6) What’s the most memorable storm you were involved in?
BOLA . I was one of the lead forecasters during that beast, and it remained affecting the North Island for more than one shift cycle. I think it was the first time we allowed a news camera to interview forecasters in the forecast room. It was the first time I dropped the “ex tropical cyclone” or ” Cyclone of tropical origin” preamble and , in the forecasts, simply called it Cyclone BOLA .

7) You have always been famous for the big white hair and beard – be honest, were you ever going for the ‘cumulo-nimbus’ look?
Something like that . see attached photo , 1996 –>

8) What’s one area forecasters around the world could improve in?
Research.. but it takes time and money. One feature that may offer promise is “analogous forecasting”– using the evolution of similar weather patterns in the past to what is happening now so that we can compare outcomes. The Low that dumped rain on Whanganui last week looked like many others we had in the past that didn’t bring so much rain, so why the difference? Another question: are the HIGHS getting Higher?

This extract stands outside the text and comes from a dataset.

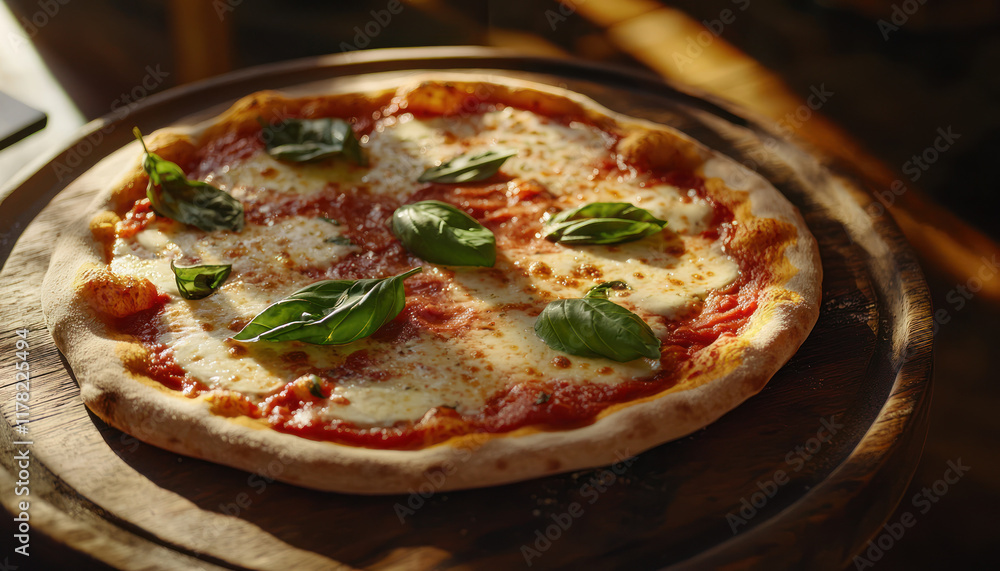 A Delicious pizza with fresh mozzarella and basil leaves on wooden board A Delicious pizza with fresh mozzarella and basil leaves on wooden board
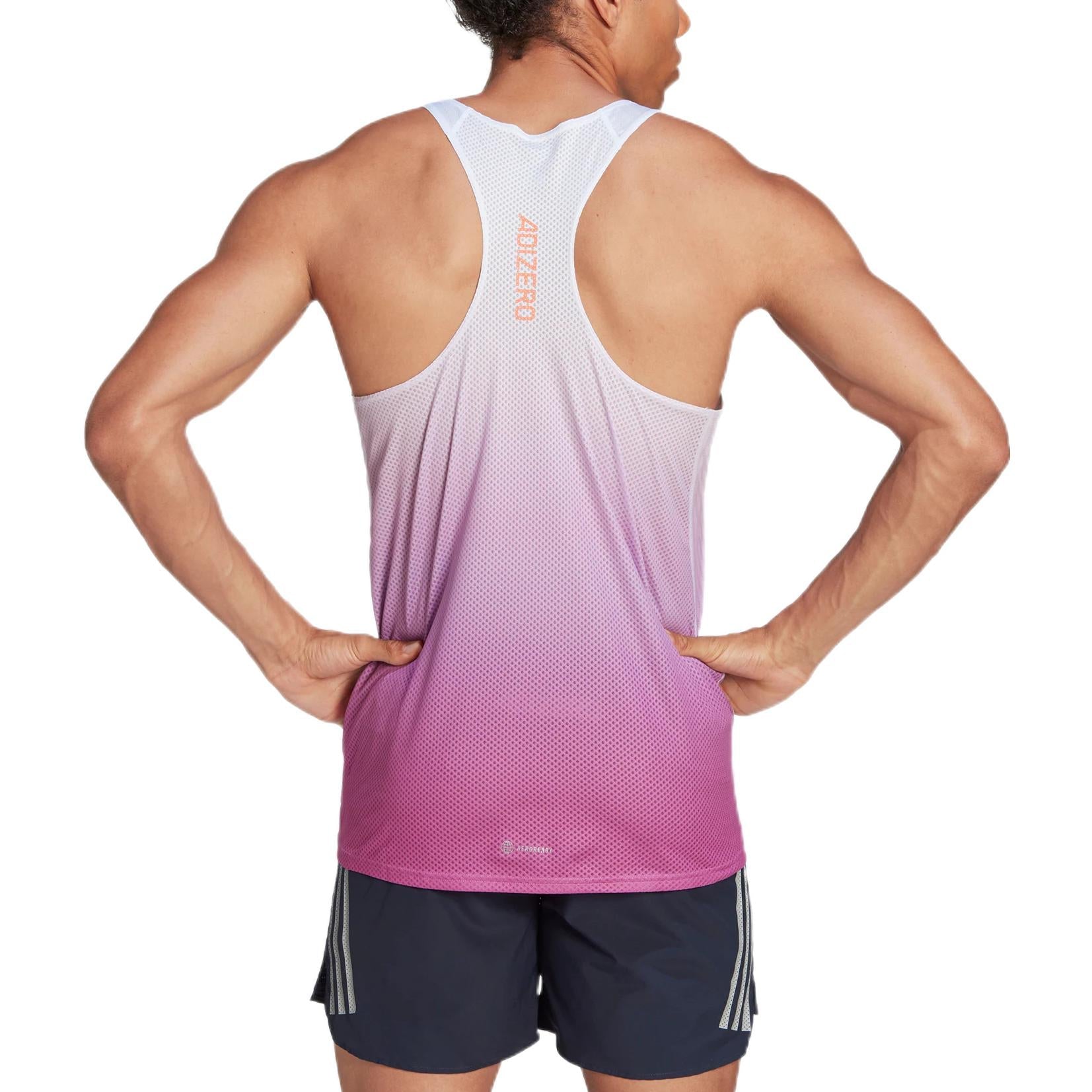 Men's adidas Logo Reflective Logo Round Neck Running Sports Purple Vest HK9512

9) Now that you’re retired, what does Bob McDavitt get up to most weeks?
I’m in cruise mode — issuing voyage forecast for cruising sailors– can be a busy job at certain times of the year.

10) Using exactly 6 words, sum up New Zealand’s weather.
Our weather mixes pattern with chaos.


– exclusive




Des Morgan on 3/07/2015 7:39pm

Bob was my landlord many years ago and as part of the flat he provided a weather station. I have since become an educated weather nut. Truly a passionate and generous gentleman, many thank, the frosty nerd (Des Morgan)

Zelda Wynn on 2/07/2015 10:40pm

That interview put a huge smile on my face. Awesome friend indeed!